Help Me, God, I'm a Parent: Honest Prayers for Hectic Days and Endless Nights
by Bunmi Laditan
Coming June 28, 2022
Dear friend,
I wrote this book because parenting is hard. For me, it would be impossible without God being my rock every single day.
A few years ago I was at a play center with my youngest who is eight now but at the time was an always jumping, always running, never stopping, four year-old. I remember that day like it was yesterday.
In my mind I was juggling how we'd spend a couple hours at the play center, then find somewhere to have lunch, then I'd drive the half hour to school to pick up his older sisters, maybe stop at the grocery store if I could manage it with all three to have something for dinner other than Domino's again...
I was doing all this as my youngest bounced foam bricks off of my head trying to get my attention.
As I was in the midst of my mental circus when a mom walked in. She sat near me in the little kids' section and we got to talking. She was new to the city and was only here temporarily for her husband's job. She homeschooled her four (or five?) kids.
My mouth dropped open. I could barely handle my three and two were in school for most of the day.
"How do you do it?" I asked her, hoping she wouldn't recommend another $50 organizer I'd use for a week and then abandon.

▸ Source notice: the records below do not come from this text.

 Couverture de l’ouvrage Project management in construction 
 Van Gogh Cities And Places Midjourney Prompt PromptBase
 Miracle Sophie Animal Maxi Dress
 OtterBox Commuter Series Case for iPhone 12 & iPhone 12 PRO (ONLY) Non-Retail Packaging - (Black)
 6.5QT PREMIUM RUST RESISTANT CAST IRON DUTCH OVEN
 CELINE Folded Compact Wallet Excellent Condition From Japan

Her answer was simple, but somehow worse.
"Jesus."
At the time I was between faiths. I'd been jumping from one belief to the next, trying to find myself, trying to find God and the thought of a Middle Eastern hippie from 2,000 years ago somehow helping make it in and out of the grocery store with three kids at 5pm seemed ludicrous.
I chalked it up to her being one of "those people" and I don't think we spoke much after that.

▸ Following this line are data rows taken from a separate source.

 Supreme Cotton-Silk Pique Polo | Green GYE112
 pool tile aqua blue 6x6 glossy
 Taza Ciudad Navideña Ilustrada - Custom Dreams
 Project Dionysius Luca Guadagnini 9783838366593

Little did I know, a seed was planted.
Now years later, after my own encounter with Jesus, who is my Friend, Lover of my soul, Redeemer, son of God and Divine Himself (I'm a bit passionate...it's because of what He's done for me), I understand what that mom was trying to tell me.
It's prayer that holds me up every day.
It's talking to and having a relationship with a living God and knowing I'm not only heard, but helped, that gives me the strength to get through very long day and sometimes very stressful nights.
Parenting is a mixed bag of crazy, fun, touching, amazing, distressing, wild, messy, and incredible.
Through the highs and the lows, I never walk alone.
Just as my children count on me to be there so they can live and grow securely, I can abide in the secret place of the Most High every single day as I pray when I wake up, while doing dishes, in traffic running late, on my knees in my bedroom pouring my heart out.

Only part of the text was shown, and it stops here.